Your reply should be made up of every line in the records below that holds the string "Premium".

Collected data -

· · · ·

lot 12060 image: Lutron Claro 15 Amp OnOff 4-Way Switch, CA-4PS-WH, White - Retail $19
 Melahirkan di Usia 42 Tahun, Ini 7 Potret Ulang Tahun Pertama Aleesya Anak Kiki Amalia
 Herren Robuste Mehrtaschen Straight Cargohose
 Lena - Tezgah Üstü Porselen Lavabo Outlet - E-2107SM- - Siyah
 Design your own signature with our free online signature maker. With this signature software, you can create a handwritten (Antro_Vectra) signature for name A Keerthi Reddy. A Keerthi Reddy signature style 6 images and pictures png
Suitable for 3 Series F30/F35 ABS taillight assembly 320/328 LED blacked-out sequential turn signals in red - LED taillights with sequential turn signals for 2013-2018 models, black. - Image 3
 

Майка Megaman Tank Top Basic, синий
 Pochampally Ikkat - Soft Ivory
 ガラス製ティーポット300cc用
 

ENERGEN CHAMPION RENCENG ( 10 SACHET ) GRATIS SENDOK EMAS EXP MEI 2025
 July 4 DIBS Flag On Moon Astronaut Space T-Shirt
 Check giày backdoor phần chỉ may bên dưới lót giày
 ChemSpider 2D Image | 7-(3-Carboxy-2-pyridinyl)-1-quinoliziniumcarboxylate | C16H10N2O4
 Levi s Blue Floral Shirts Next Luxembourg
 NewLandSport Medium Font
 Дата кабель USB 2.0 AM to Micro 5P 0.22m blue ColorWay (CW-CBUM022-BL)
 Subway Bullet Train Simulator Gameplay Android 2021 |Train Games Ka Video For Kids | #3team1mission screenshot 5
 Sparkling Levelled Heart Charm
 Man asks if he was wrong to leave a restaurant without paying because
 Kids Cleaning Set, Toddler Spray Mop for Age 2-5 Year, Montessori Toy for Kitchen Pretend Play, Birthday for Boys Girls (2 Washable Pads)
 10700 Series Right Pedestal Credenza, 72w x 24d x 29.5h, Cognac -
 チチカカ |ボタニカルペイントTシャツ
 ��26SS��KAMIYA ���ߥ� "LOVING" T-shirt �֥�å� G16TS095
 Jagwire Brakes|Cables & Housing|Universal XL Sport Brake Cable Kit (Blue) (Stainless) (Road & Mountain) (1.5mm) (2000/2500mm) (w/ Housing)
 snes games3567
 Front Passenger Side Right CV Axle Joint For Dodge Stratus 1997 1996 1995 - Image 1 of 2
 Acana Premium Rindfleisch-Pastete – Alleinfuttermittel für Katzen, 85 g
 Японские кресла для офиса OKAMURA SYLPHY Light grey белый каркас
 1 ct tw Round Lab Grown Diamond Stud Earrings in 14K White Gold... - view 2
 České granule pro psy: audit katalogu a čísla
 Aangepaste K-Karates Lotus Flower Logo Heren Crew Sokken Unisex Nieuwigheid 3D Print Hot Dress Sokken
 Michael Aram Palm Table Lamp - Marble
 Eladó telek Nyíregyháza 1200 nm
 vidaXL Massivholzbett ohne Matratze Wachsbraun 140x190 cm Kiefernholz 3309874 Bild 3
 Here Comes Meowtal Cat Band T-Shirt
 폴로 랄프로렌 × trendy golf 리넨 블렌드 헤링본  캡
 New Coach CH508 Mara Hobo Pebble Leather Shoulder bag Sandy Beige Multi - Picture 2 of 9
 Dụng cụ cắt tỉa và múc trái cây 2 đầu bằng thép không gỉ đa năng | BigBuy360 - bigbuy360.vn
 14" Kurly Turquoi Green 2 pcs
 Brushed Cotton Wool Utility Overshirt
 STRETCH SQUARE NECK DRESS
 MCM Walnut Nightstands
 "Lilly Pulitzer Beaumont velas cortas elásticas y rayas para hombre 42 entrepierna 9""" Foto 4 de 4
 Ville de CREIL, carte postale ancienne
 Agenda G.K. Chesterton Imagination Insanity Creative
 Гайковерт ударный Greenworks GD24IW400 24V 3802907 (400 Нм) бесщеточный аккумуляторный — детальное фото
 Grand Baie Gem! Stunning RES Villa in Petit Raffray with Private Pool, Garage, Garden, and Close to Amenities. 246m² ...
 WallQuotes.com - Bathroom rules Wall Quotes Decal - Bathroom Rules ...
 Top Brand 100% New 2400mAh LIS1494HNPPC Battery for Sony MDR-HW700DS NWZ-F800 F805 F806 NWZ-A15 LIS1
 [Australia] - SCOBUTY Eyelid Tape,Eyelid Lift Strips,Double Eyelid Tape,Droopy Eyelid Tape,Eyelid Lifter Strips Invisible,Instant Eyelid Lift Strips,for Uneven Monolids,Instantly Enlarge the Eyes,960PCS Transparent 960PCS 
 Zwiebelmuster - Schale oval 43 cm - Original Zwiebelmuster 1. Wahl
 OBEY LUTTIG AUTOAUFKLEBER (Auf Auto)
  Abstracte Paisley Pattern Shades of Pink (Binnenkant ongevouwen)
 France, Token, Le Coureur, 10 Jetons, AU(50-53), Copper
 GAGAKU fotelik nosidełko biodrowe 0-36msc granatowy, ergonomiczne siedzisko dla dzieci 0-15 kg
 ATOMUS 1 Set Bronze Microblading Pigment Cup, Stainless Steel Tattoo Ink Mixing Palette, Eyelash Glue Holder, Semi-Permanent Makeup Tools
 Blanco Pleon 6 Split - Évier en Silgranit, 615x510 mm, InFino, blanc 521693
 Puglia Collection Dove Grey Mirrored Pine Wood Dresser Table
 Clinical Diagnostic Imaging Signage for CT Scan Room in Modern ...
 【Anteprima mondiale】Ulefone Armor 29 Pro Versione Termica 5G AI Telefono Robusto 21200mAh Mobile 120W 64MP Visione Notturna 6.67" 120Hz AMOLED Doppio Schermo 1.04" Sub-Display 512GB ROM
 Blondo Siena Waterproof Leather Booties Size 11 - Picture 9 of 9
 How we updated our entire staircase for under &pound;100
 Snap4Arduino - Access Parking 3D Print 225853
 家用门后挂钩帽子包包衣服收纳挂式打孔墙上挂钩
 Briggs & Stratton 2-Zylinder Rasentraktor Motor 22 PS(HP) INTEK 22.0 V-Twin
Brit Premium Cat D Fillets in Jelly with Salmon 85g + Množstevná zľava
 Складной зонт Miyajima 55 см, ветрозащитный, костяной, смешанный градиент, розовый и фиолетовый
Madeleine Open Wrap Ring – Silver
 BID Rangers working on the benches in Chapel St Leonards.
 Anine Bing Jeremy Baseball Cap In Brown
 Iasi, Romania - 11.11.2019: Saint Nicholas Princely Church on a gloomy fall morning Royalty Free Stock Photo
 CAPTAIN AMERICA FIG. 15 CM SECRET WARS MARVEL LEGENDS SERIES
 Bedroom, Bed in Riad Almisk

· · · ·

Answer to the exercise -
 Acana Premium Rindfleisch-Pastete – Alleinfuttermittel für Katzen, 85 g
Brit Premium Cat D Fillets in Jelly with Salmon 85g + Množstevná zľava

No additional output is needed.